Ron Friedman: Huh. That makes sense. And listen, I'm, you've been doing this for a long time. That makes complete sense and escaped your attention because it's part of the 70% you would have told them. Exactly.

Srini: It's funny, you mentioned that because sometimes friends will say, Hey, will you teach me how to surf?

Srini: And there's one thing that any surfer will tell you is there's literally nobody worse to teach you how to surf. Then your friends who surf because the minute there's a good wave, there'll be nowhere to be found. And it's incredibly hard to deconstruct the entire process of popping up on a wave because it's so second nature after you've done it a thousand times that you can't even think about it as a series of steps that happen in sequence because they just all happen.

Srini: Automatic.

Ron Friedman: And there's an assumption that somebody who's successful knows what it is that made them successful. But often that person doesn't know, they have a different idea about what makes them successful. And so that's why it's often not the expert to make the best teachers. I have the example of.

Ron Friedman: Marlon Brando in the opening story of that chapter on experts, why experts make terrible teachers and Marlon Brando, obviously very famous actor, very successful actor. He tried to put on a workshop for other actors and it was debacle. People walked out and it was actually quite embarrassing.

Ron Friedman: There's some really funny stories about that that I share in the book, like for example, he tries to pull a homeless people off the street and teach them how to act in full view of all of these other luminaries who are in the in the audience. He asks them to act out scenes and then he interrupts them constantly yelling at them and berating them.

Ron Friedman: And he, when he doesn't like a scene, he doesn't say try doing it this way. He just screams out lies, because I guess they weren't authentic enough. So the point is that.
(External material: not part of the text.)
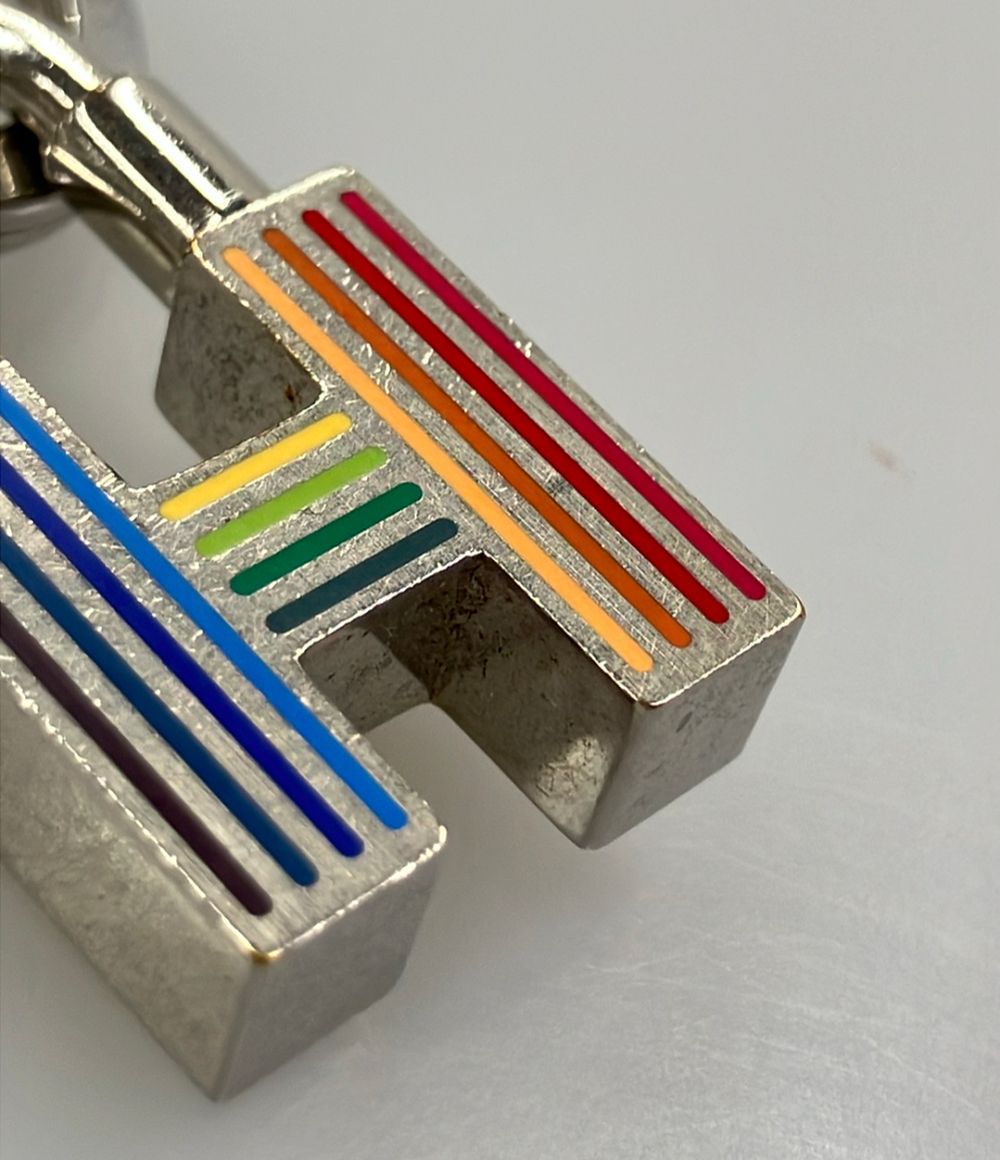 Hermes Keyring Key Holder Quiz Rainbow — view 4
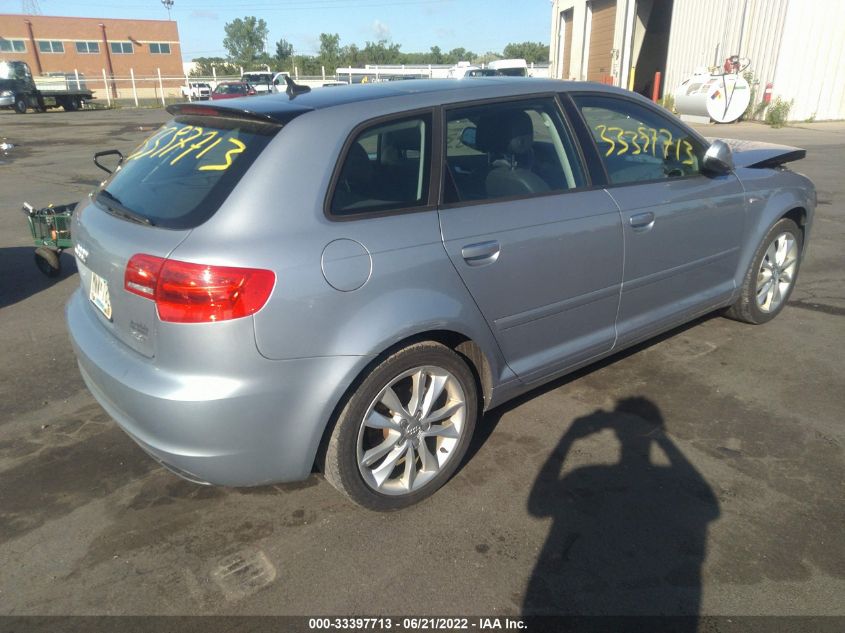 2013 AUDI A3 PREMIUM WAUBEAFM0DA007618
The people who are often at the top of their field are not going to be very good at explaining how they got there. So you need to have come in, come prepare with the right questions.

Srini: Yeah. Let's talk a bit about metrics and feedback. I think that, it brings us almost full circle in a way to something we brought up at the beginning of our conversation is that we live in this very achievement oriented world in which people are very metrics obsessed when they measure their self-esteem, by the value of how their business is doing, they get caught up in vanity metrics like followers on Instagram followers on Twitter retweet.

Srini: How do you actually make effective use of metrics without causing those metrics to make you lose your fucking mind? Because vendors metrics can be like a huge source of anxiety. This probably as an author, when your book comes out, you're obsessed with book sales. And I realized that constantly checking how many copies my book had sold was basically just a recipe for disaster.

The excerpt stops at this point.